_Exercise brief:_
Line by line, repeat the material below exactly and leave the images out.

== Dataset

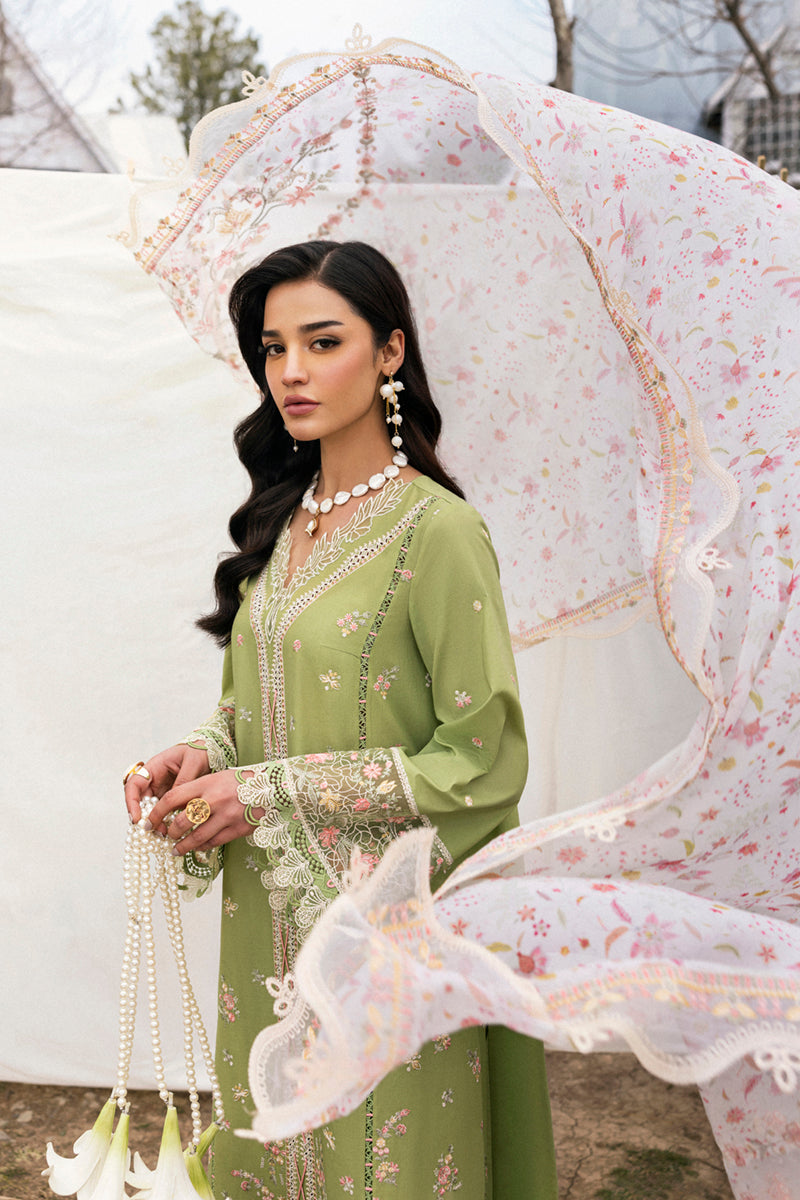 Qalamkar | Qlinekari Lawn | DC-01 Lovisa Custom Size Apple Green Lawn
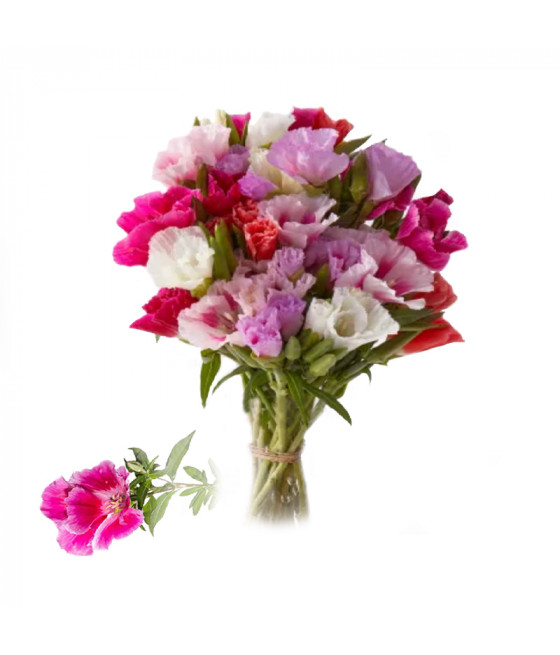 Sementes de Godétia (Flor de Azálea) Dobrada - Mistura
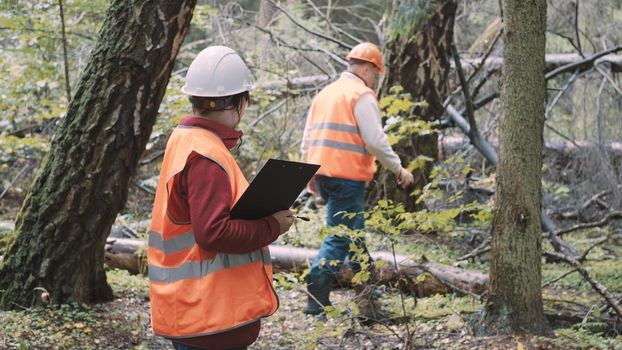 Environmentalists a woman and man draw up a penalty protocol for illegal logging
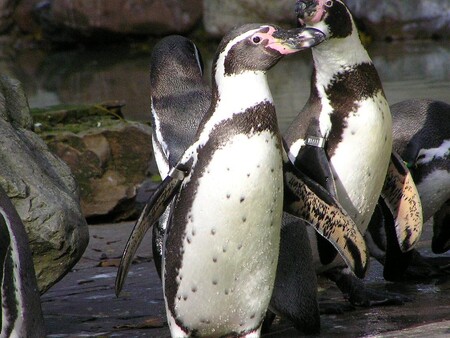Tučňáci normálně žijí ve velkých koloniích čítajících tisíce kusů, ale přesto jsou přísně monogamní.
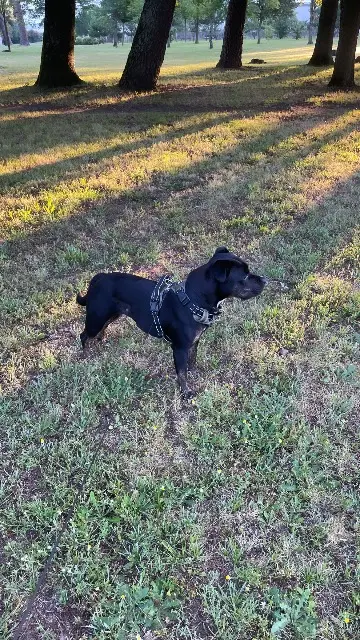 chienne lost   46300 Rouffilhac Rubis
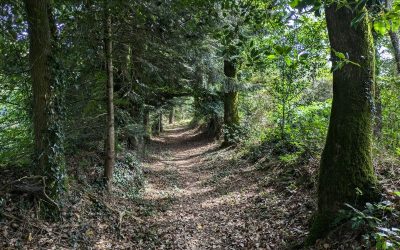 RANDONNÉE DU JEUDI 25 septembre 2025 Plaudren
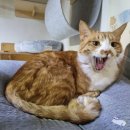 잘먹고 몸에도 좋은 짜먹는 고양이 간식 젬젬스틱😸😸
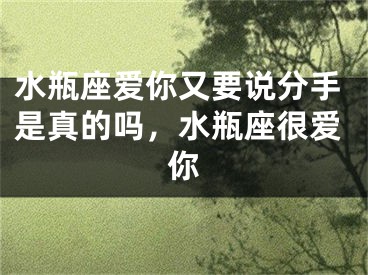 水瓶座爱你又要说分手是真的吗，水瓶座很爱你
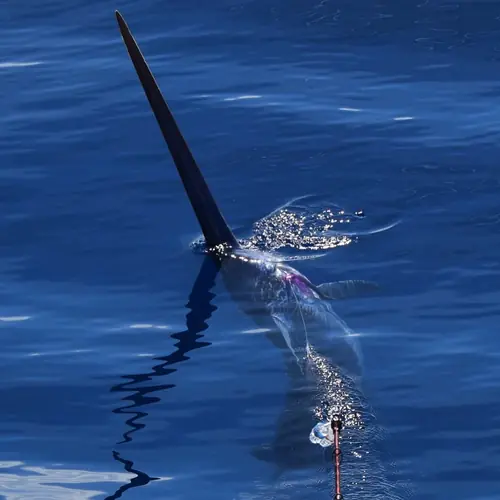 A Swordfish caught aboard the Double Threat on a Miami fishing charter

====

_Exercise result:_
 Qalamkar | Qlinekari Lawn | DC-01 Lovisa Custom Size Apple Green Lawn
 Sementes de Godétia (Flor de Azálea) Dobrada - Mistura
 Environmentalists a woman and man draw up a penalty protocol for illegal logging
Tučňáci normálně žijí ve velkých koloniích čítajících tisíce kusů, ale přesto jsou přísně monogamní.
 chienne lost   46300 Rouffilhac Rubis
 RANDONNÉE DU JEUDI 25 septembre 2025 Plaudren
 잘먹고 몸에도 좋은 짜먹는 고양이 간식 젬젬스틱😸😸
 水瓶座爱你又要说分手是真的吗，水瓶座很爱你
 A Swordfish caught aboard the Double Threat on a Miami fishing charter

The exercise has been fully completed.